Vaccination of children against measles, rubella and mumps with chronic pathology


Live vaccines for children with primary forms are contraindicated Infected with HIV children (with symptoms and asymptomatic course), but without severe immunosuppression (according to CD4-lymphocyte count) vaccinated at the age of more than 12 months. After drug or radiation immunosuppression, live vaccines are administered no earlier than 3 months after high-dose corticosteroids (more than 2 mg / kg / day or 20 mg / day for 14 days or more) - not earlier than 1 month. After the end of the course of treatment.


Although measles often provokes an exacerbation of tuberculosis infection, this effect of vaccination has not been noted; The introduction of SLE and other vaccines does not require the preliminary setting of a tuberculin test.

Patients receiving blood products

Patients receiving blood products are vaccinated against measles, rubella and mumps in not earlier than 3 months. When injecting blood products less than 2 weeks after the administration of these vaccines, vaccination should be repeated.

Post-exposure prevention of measles, rubella and mumps

Contact persons on measles older than 12 months, who are not ill with measles and who are not vaccinated, are injected with HCV in the first 3 days from the moment of contact. Children aged 6-12 months. Postexposure vaccine prevention is also possible. An alternative to it, as well as for persons with contraindications to vaccination, is the administration of 1 or 2 doses (1.5 or 3.0 ml) of human immunoglobulin depending on the time elapsed from the moment of contact (most effective when administered before the 6th day ).

Postexposure prophylaxis of mumps is less effective, but the introduction of HPV is regulated for persons who had contact in the outbreaks of mumps that had not previously been vaccinated and not infected with this infection no later than the 7th day after the first patient was identified in the outbreak. At the same time, it is obvious that some children will be vaccinated within 72 hours after infection, the most favorable. To prevent the disease, the introduction of human immunoglobulin at contact does not guarantee the prevention of the disease.
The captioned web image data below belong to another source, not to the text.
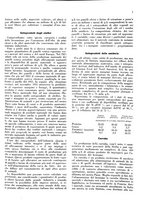 giornale/CFI0350904/1937/unico/00000643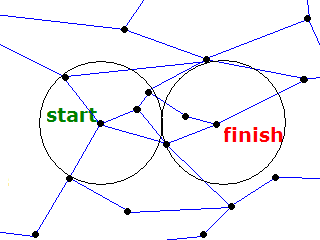 Two Circle Optimisation Diagram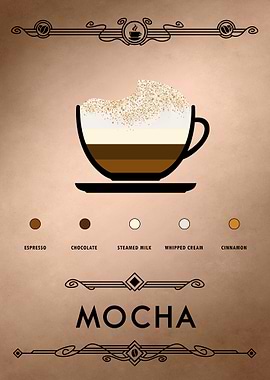 Mocha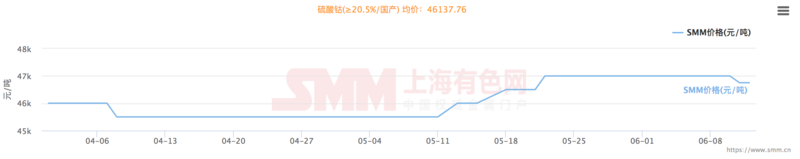三元需求增量甚微 鈷原料到港后硫酸鈷價格或繼續走低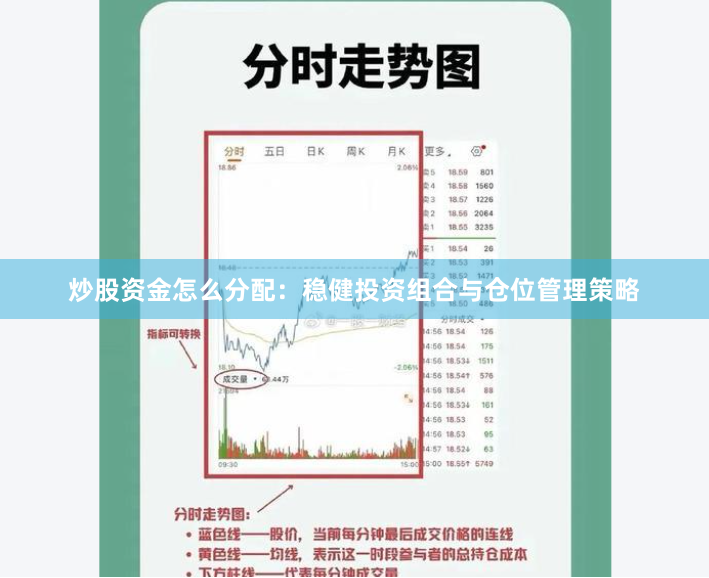 炒股资金怎么分配:稳健投资组合与仓位管理策略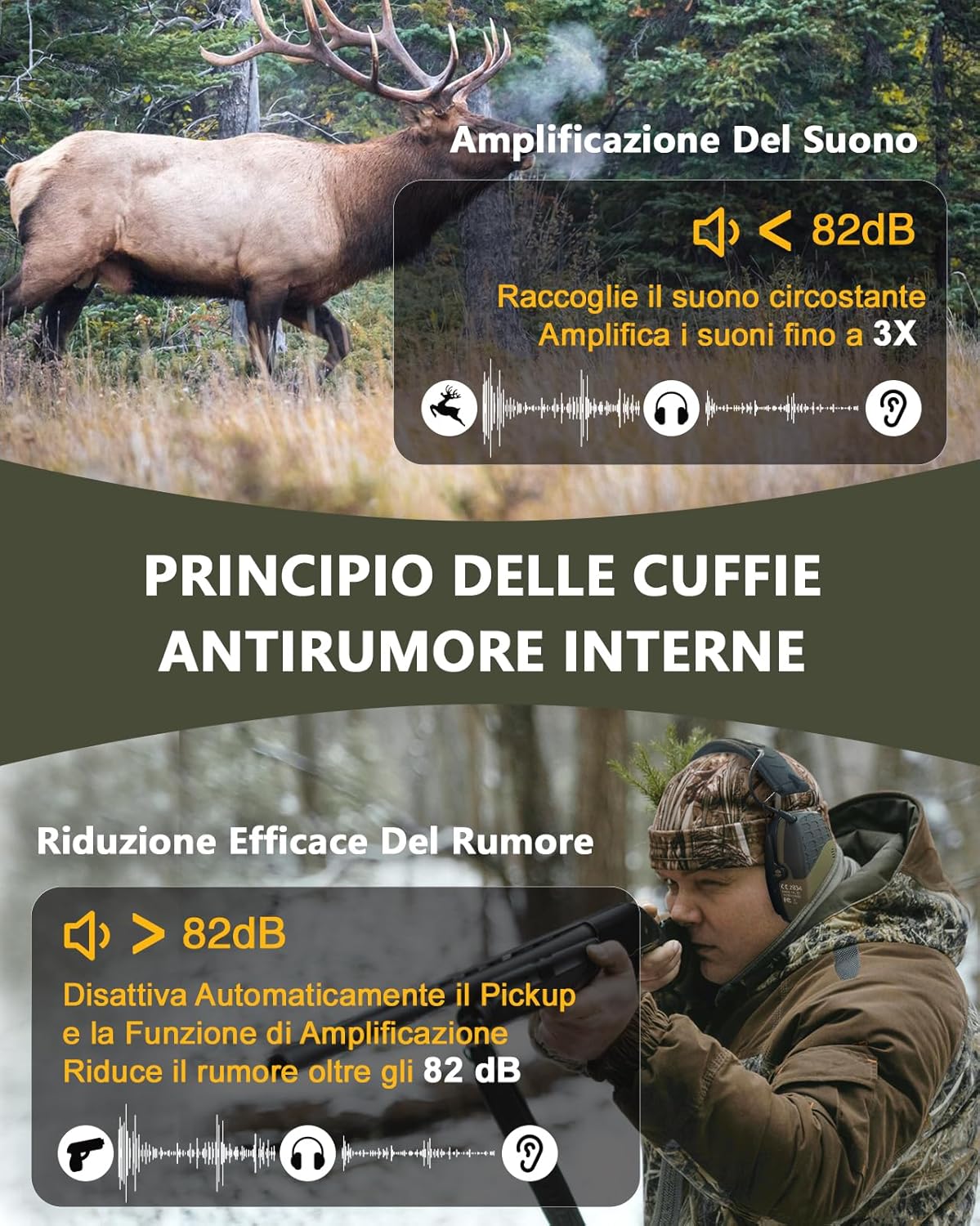 PROHEAR Cuffie Poligono Elettroniche Tiro Bluetooth - immagine 3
Inoculations against rubella in the focus of rubella infection are all non-immune rubella, with the exception of pregnant women, since vaccination in the first three days from the onset of contact reduces the risk of developing clinically expressed forms of the disease. However, given the early contagiousness of patients (see above), this recommendation is unlikely to be effective.
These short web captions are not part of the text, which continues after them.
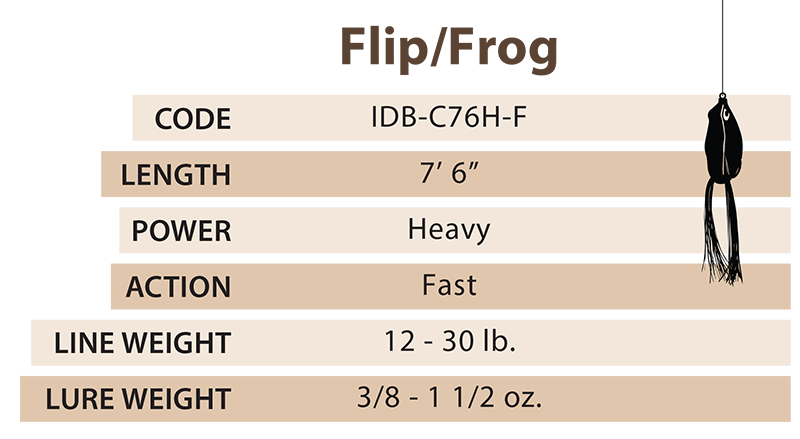 elliott identity rod flip/frog specification chart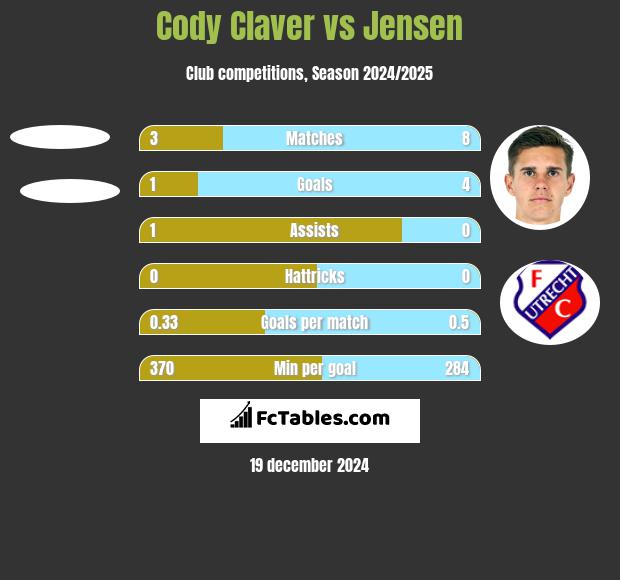 Cody Claver vs Jensen h2h player stats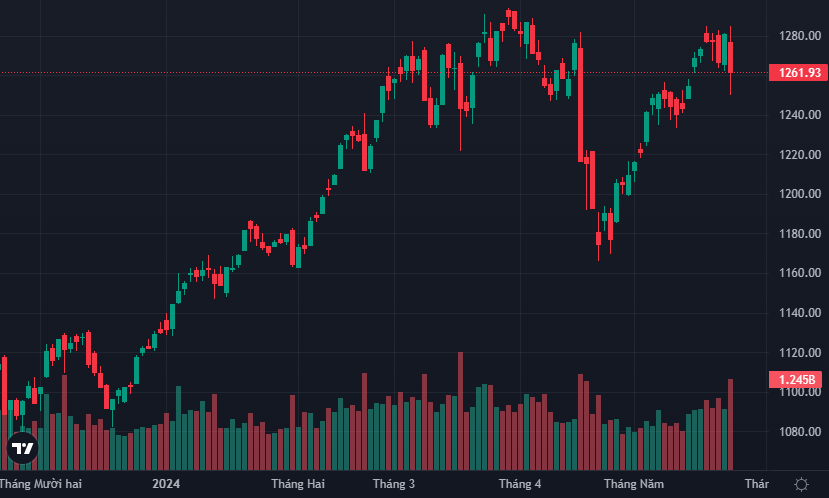 VN-Index "rút chân" ít phút cuối phiên là nhờ nâng trụ.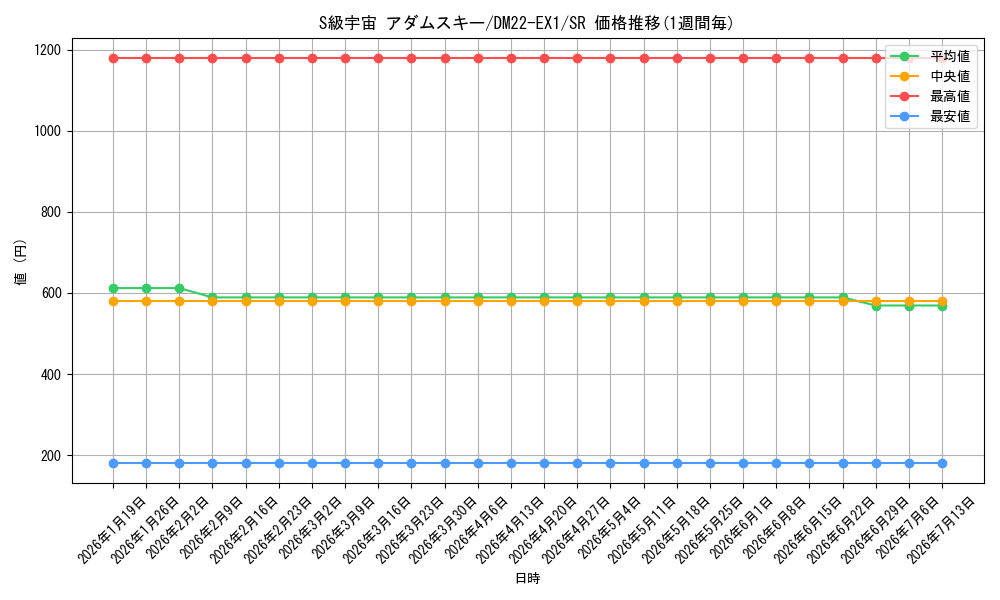 card_59981_series_65410_rarity_101779_graph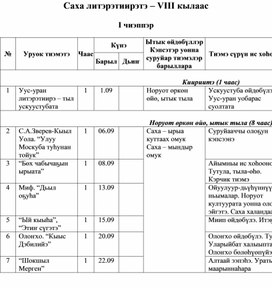 Рабочая программа по якутской литературе. 8 класс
In case of contact of a pregnant woman with a sick rubella, her susceptibility should be determined serologically. In the case of IgG antibodies, a woman is considered immune. In the absence of antibodies, the analysis is repeated after 4-5 weeks: if a positive result is offered, termination of pregnancy, if the second sample does not contain antibodies, take an analysis after 1 month. - The interpretation is the same.

The use of human immunoglobulin for the purpose of post-exposure rubella prevention in pregnancy is not recommended, it is administered only in cases where a woman does not want to terminate pregnancy. Limited observations suggest that the administration of a 16% immunoglobulin solution at a dose of 0.55 ml / kg can prevent infection or change the course of the disease. However, some of the pregnant women who received the drug may remain unprotected, and the children born to them - have a congenital rubella syndrome.


To simplify the perception of information, this instruction for use of the drug "Inoculation from measles, mumps and rubella" translated and presented in a special form on the basis of the official instructions for medical use of the drug. Before use read the annotation that came directly to medicines.

Description provided for informational purposes and is not a guide to self-healing. The need for this drug, the purpose of the treatment regimen, methods and dose of the drug is determined solely by the attending physician. Self-medication is dangerous for your health.